The prototypes they've been taking around the world so far have been using a 5.6" display. They intended to use the same display for the dev kit, but found out it had been discontinued, so they started looking for a new screen.

They ended up going with a 7 inch screen, which does add 30g weight compared to the previous display, but makes up for it by improving response time, switching time, contrast, and color quality. From the update regarding switching time:

The improved switching time of the panel actually alleviates most of the motion blur people saw in earlier prototype demos.

The resolution is the same as before at 1280x800, but the field of view will stay mostly the same, probably due to a change in the optics used. Nate Mitchell, Product VP at Oculus, said "the field of view is slightly improved, but it’s the difference is only a few degrees, which isn’t particularly noticeable to the average user!"

The sensor

In the prototype they used a third-party tracker from Hillcrest Labs, but have since taking steps to make their own. It's been known for while that they hired Nirav Patel after seeing his work on the Adjacent reality tracker, so that's most likely the basis for their new sensor.

In the last update, Oculus gave a sneak peek of their new sensor, and they've now given some more details. Besides featuring a refresh rate of up to 1000hz, which is several times the rate of their previous tracker, the new sensor also adds a magnetometer to the accelerometer and gyroscope, which will allow for even more accurate head tracking, as well as help reduce drift for the other sensors.

The SDK, Developer Center and engine integration

Oculus reaffirms their intention of getting the SDK out, and launching the Developer Center before the rifts are shipped, although they do not give a timeframe for when this will happen.

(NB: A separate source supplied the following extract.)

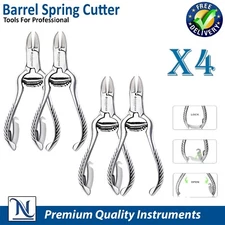 X4 Toe Nail Nipper Clipper Cutter Stainless Steel Heavy Duty Barrel Spring 4.5"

Unreal Engine demo running with rift support They showed off Unreal Integration saying it was in a "completely playable/usable state", while saying Unity integration was underway.

We’re working closely with Epic and Unity on integrating support for the Oculus Rift in the free versions of their engines and will keep the community posted on the progress.

The Future

The Oculus update signs off by promising upcoming updates with detailed information regarding the sensor, screen, display controller, and the headset itself, and also on "exciting" features planned for the consumer model that didn't make it into the dev kit.